Manna for individual taxpayers


Finance Minister (FM) Pranab Mukherjee has sprung a pleasant surprise on all taxpayers by modifying the income slabs for levying personal income tax.

The basic exemption limits of Rs 1,60,000 for male tax payers below 65; Rs 1,90,000 for women tax payers; and Rs 2,40,000 for senior citizens (age 65 years or more) have been retained. However, a major concession has been provided by revising the tax slabs.

Earlier, the 10 per cent tax rate applied to income ranging from the basic exemption limit up to Rs 3 lakh. Now the Rs 3 lakh limit has been raised to Rs 5 lakh. Earlier, income ranging from Rs 5 lakh to Rs 8 lakh attracted a marginal income tax rate of 30 per cent.

Now this rate is down to 20 per cent. And the highest marginal tax rate of 30 per cent, which earlier applied to income above Rs 5 lakh, will now apply to income above Rs 8 lakh.

Thus, taxpayers across the board will enjoy a reduction in personal tax liability. An individual taxpayer who pays Rs 54,000 by way of tax for the year ending March 31, 2010 on income of Rs 5 lakh will now pay Rs 34,000. Similarly, a woman taxpayer who pays Rs 51,000 will now pay Rs 31,000, and a senior citizen who pays Rs 46,000 will now pay only Rs 26,000 for the year ending March 31, 2011.

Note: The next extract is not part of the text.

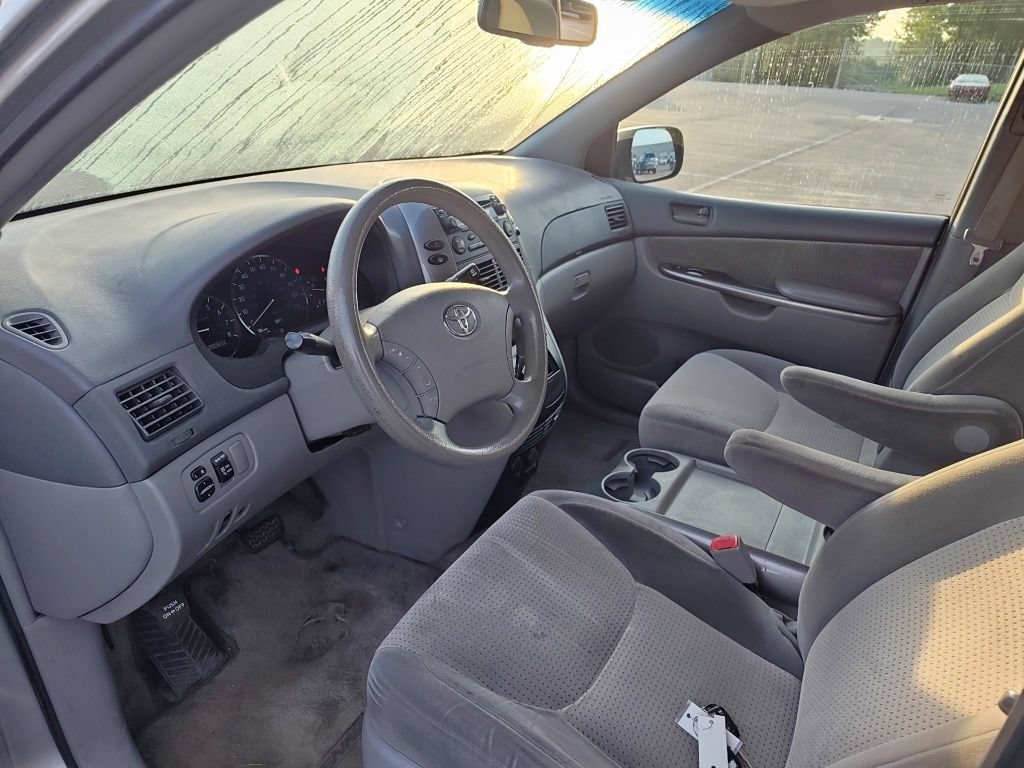 Used 2010 Toyota Sienna LE FWD image 8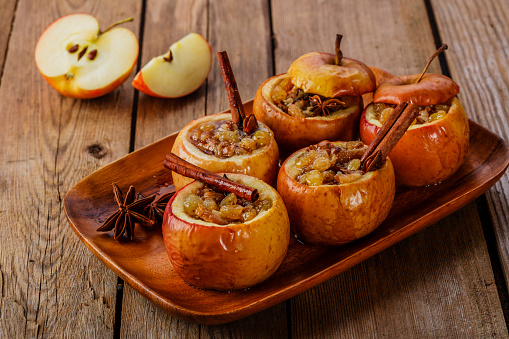 baked apples with raisins and cinnamon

Education cess retained. The surcharge of 10 per cent on individual taxpayers was abolished last year. However, FM could have abolished the education cess of 3 per cent this year. He has not thought it fit to even offer an explanation in his budget speech for retaining the cess.

No change in 80C. FM has made no changes to Section 80C which gives deduction up to Rs 1 lakh if contributions are made to specified savings instruments like life insurance premium, provident fund, public provident fund, national savings certificate, Ulip, ELSS, etc.

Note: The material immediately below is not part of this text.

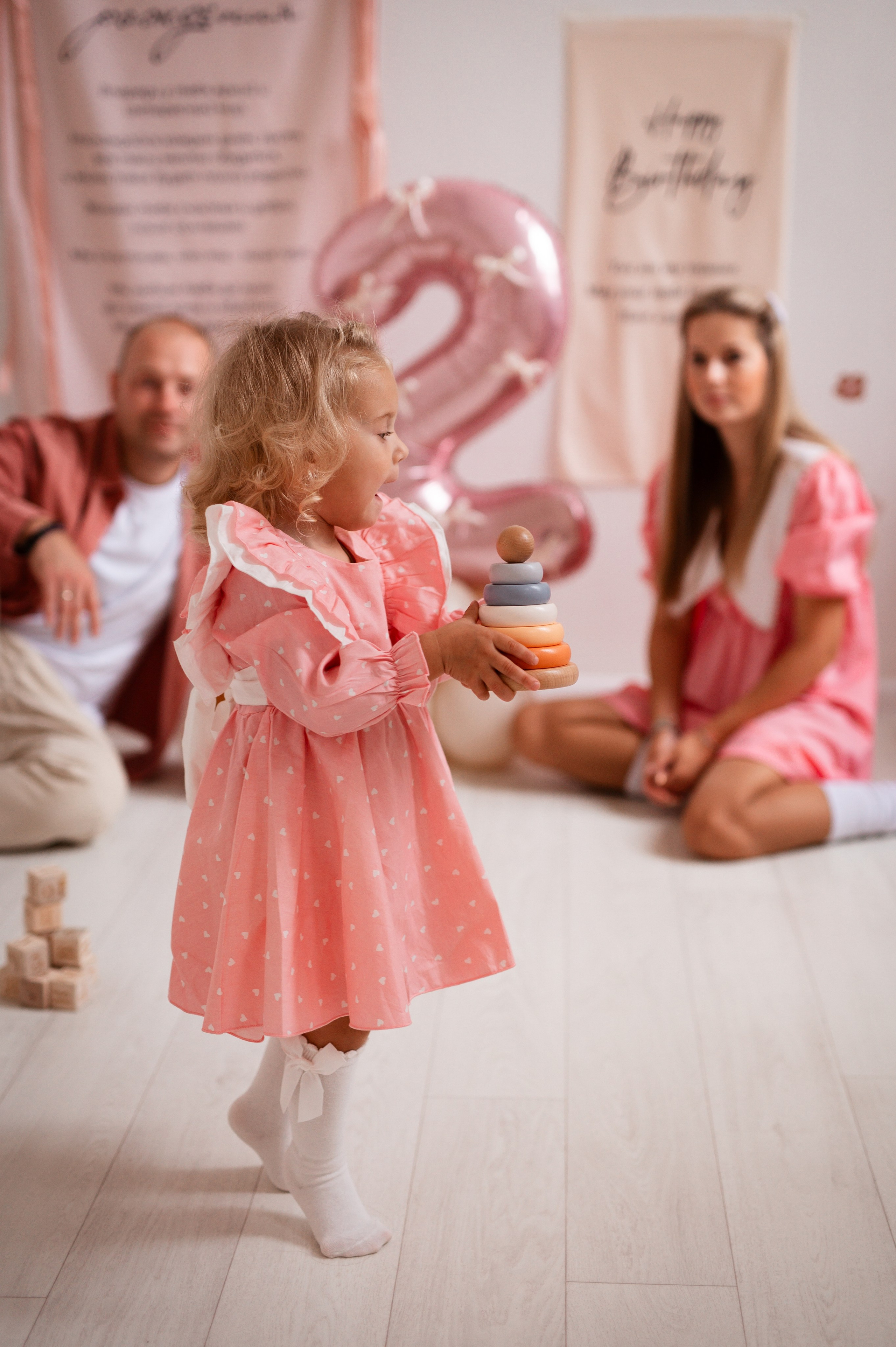 Съемка годика, годовасие, фотосессия в день рождения. НЬЮБОРН ФОТОСЕССИИ, БЕРЕМЕННОСТЬ, ПОРТРЕТНЫЕ СЕМЕЙНЫЕ ФОТОСЕССИИ  Ногинск Москва ОЛЬГА ВОГЕЛЬ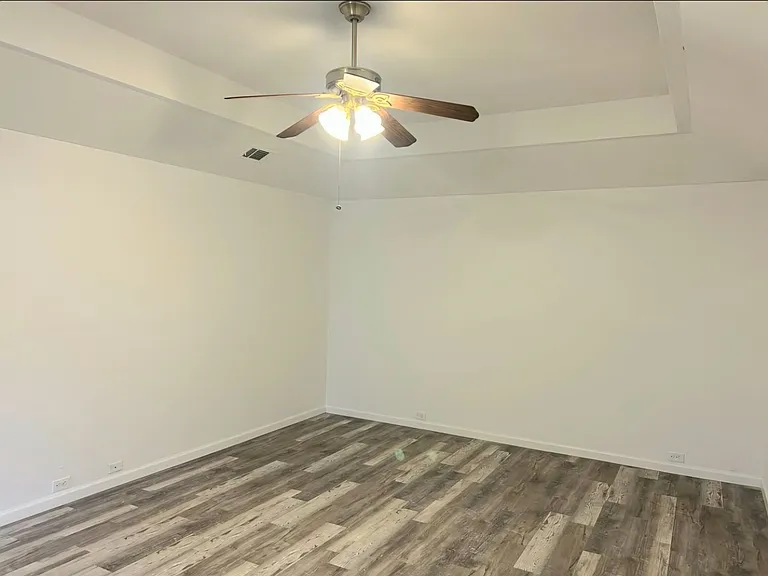 801 Summit Dr — Photo 6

Additional deduction. However, he has granted additional deduction of Rs 20,000 under a new Section 80CCF for contributions to infrastructure bonds to be notified hereafter. Effectively, the tax payer can now reduce his taxable income by Rs 1,20,000, in addition to the deduction available on health insurance premium.

Incentive for research. The FM has liberalised Section 35 to provide incentive for expenditure on scientific research carried out by taxpayers having income under the head "business". The weighted deduction on in-house research has been raised from 125 per cent to 175 per cent of the expenditure. In certain cases, the deduction can be 200 per cent. This is bound to be welcomed by business and industry and could lead to increased expenditure on scientific development and research.

Higher MAT

At present, corporates attract a flat tax of 30 per cent. They also attract 10 per cent surcharge and 3 per cent education cess. Hence their aggregate tax incidence is 33.99 (30 per cent + 10 per cent of 30 + 3 per cent of 33). The FM has reduced the surcharge of 10 per cent to 7.5 per cent - small cosmetic relief but has increased the Minimum Alternate Tax (MAT) from 15 per cent to 18 per cent.

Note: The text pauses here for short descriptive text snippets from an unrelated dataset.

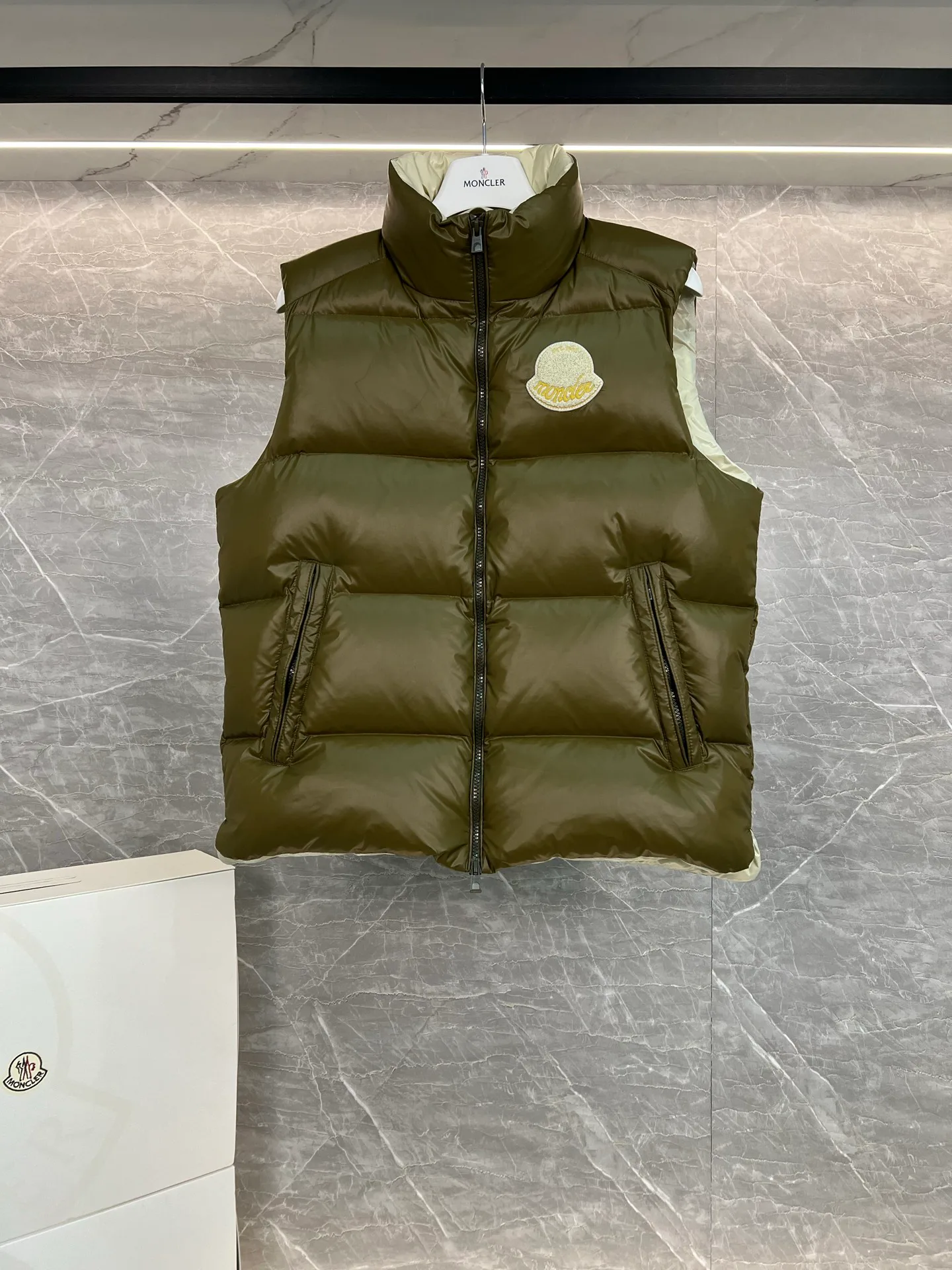 Жилеты Мужские Moncler 18599856
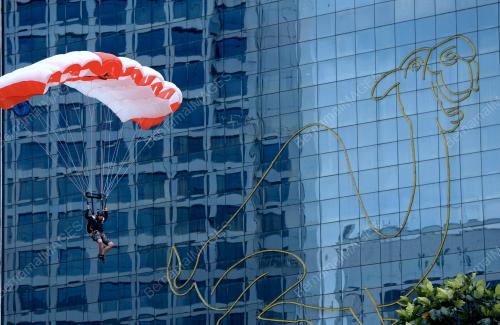 KL27_27092012_BASE_JUMP
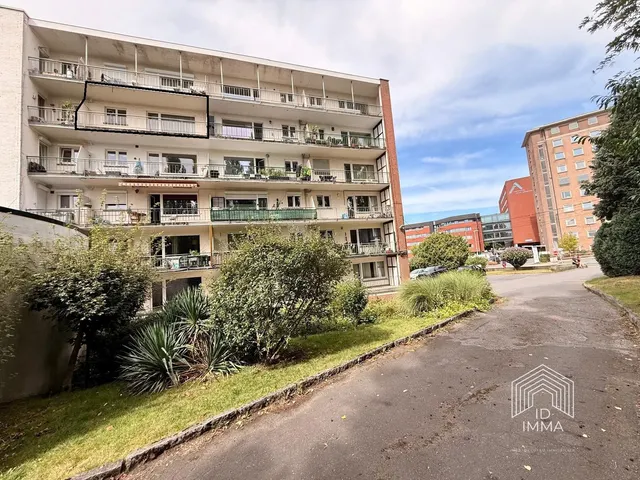 Appartement te koop in La Louvière – 1/10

Exemption on conversion to LLP

To encourage private companies and unlisted public companies to convert themselves into limited liability partnerships (LLP), the FM has provided exemption from capital gains arising to companies that opt to convert.

Excise duty broadly same

From 8 per cent FM has restored to 10 per cent the excise duty on certain types of vehicles. But broadly the 8 per cent rate has not been disturbed. This has made the manufacturing sector very happy.

Service tax unchanged

FM has not raised the service tax rate from the present 10 per cent. Instead he has widened the scope of services attracting service tax. This again is a very welcome move.

Bottomline

FM stated in his budget speech that as a result of his proposals on direct taxes, there will be revenue loss of Rs 26,000 crore. But he expects a revenue gain of Rs 46,500 crore as a result of his proposals on indirect taxes. Thereby he hopes to gain net Rs 20,500 crore for the year 2010-2011.

All in all, the budget had several pleasant surprises. The FM has done a rather good job of trying to balance his books. The stock markets have already signalled their approval of this year's budget with a 500-point rise in the Sensex.